The data Start Marker

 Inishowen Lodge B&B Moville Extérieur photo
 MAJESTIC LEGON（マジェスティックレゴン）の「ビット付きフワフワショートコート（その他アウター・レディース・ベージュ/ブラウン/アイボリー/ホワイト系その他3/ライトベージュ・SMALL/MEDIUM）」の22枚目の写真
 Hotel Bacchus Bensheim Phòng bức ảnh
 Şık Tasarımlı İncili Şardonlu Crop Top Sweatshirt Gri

The data End Marker
The data Start Marker

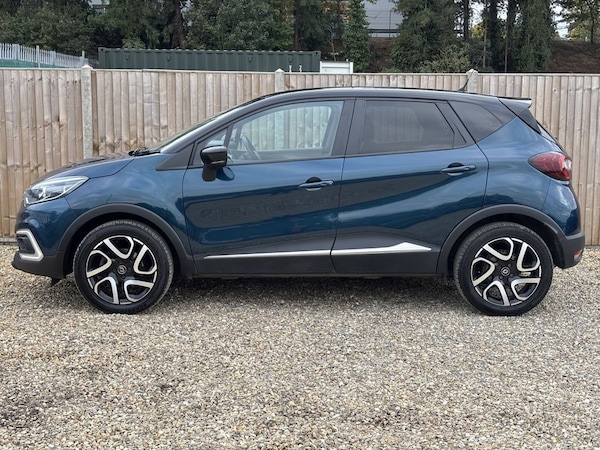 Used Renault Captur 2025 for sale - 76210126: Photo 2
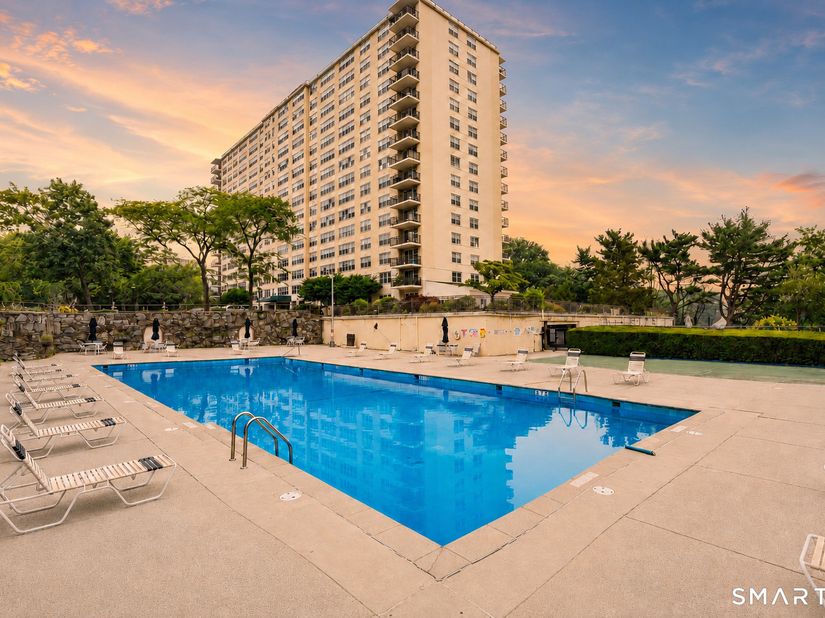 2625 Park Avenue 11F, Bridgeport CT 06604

The data End Marker

*Exercise objective:* Excluding any pictures, print exactly the lines of the listing above from the line with "Used Renault Captur" to the line with "2625 Park Avenue 11F, Bridgeport CT 06604", both ends included.

*Problem solution:*
 Used Renault Captur 2025 for sale - 76210126: Photo 2
 2625 Park Avenue 11F, Bridgeport CT 06604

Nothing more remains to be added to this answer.